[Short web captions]
Content starts
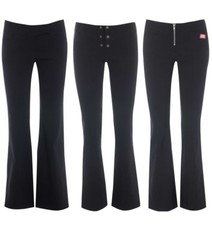 Miss Skinny Girls bootcut hipster stretch black sexy school trousers size 6-14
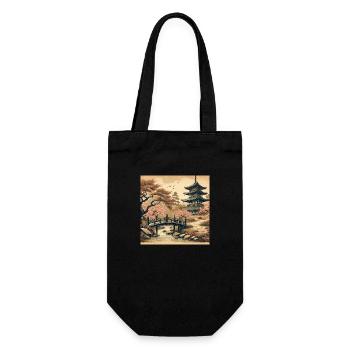 Japan Vintage Cherry Blossom Pagoda - Gift Bag for Bottles - black - Front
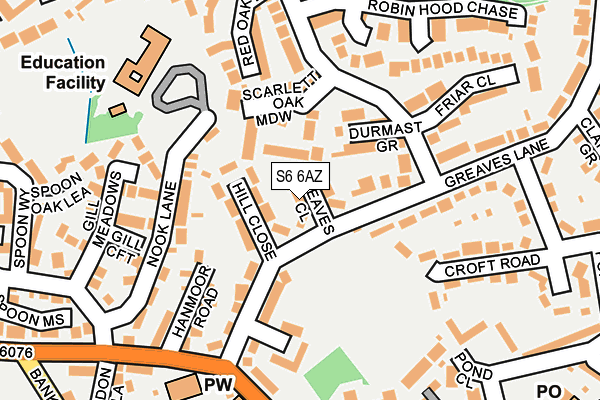 S6 6AZ map - OS OpenMap – Local (Ordnance Survey)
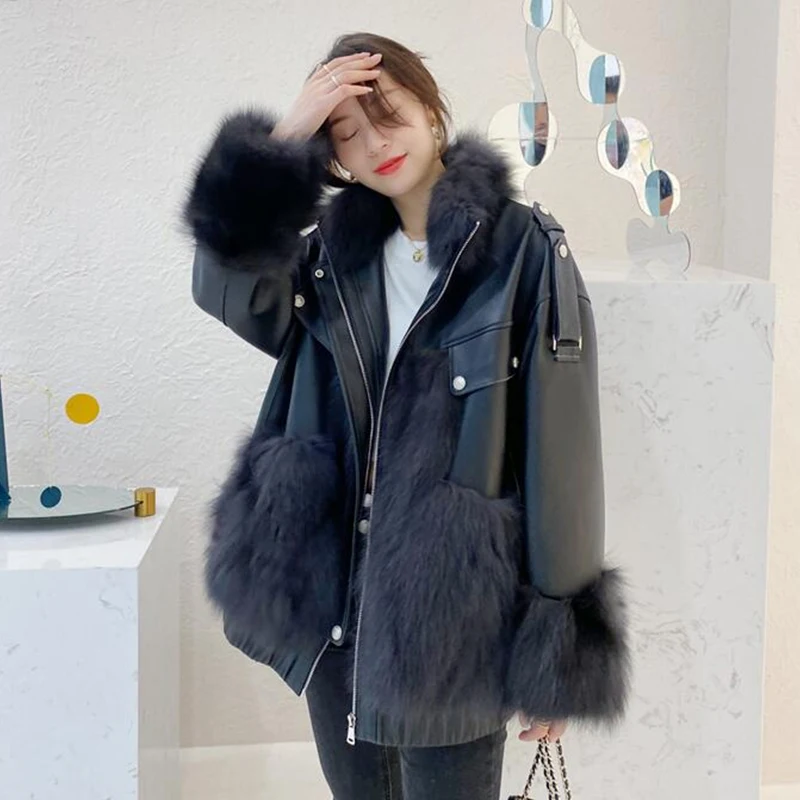 Women's Genuine Sheepskin Leather Jackets Natural Fox Fur Patcwork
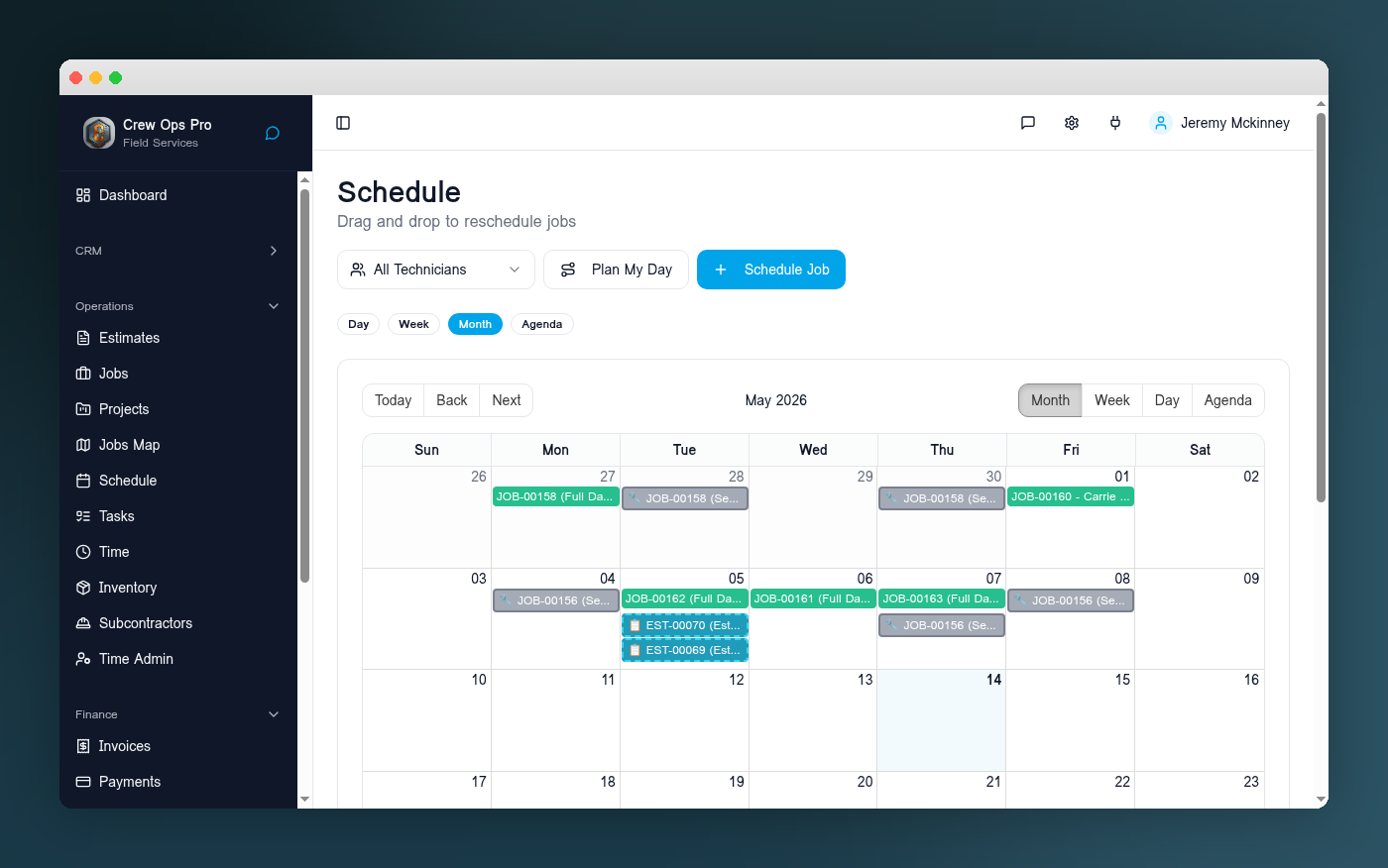 CrewOpsPro week scheduling calendar with color-coded jobs by team member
Content ends
#### Exercise objective
Would you transcribe exactly, and only, the lines from the one containing "Japan Vintage Cherry" through the last line of the records above, both included, leaving out the pictures?

#### Written solution
 Japan Vintage Cherry Blossom Pagoda - Gift Bag for Bottles - black - Front
 S6 6AZ map - OS OpenMap – Local (Ordnance Survey)
 Women's Genuine Sheepskin Leather Jackets Natural Fox Fur Patcwork
 CrewOpsPro week scheduling calendar with color-coded jobs by team member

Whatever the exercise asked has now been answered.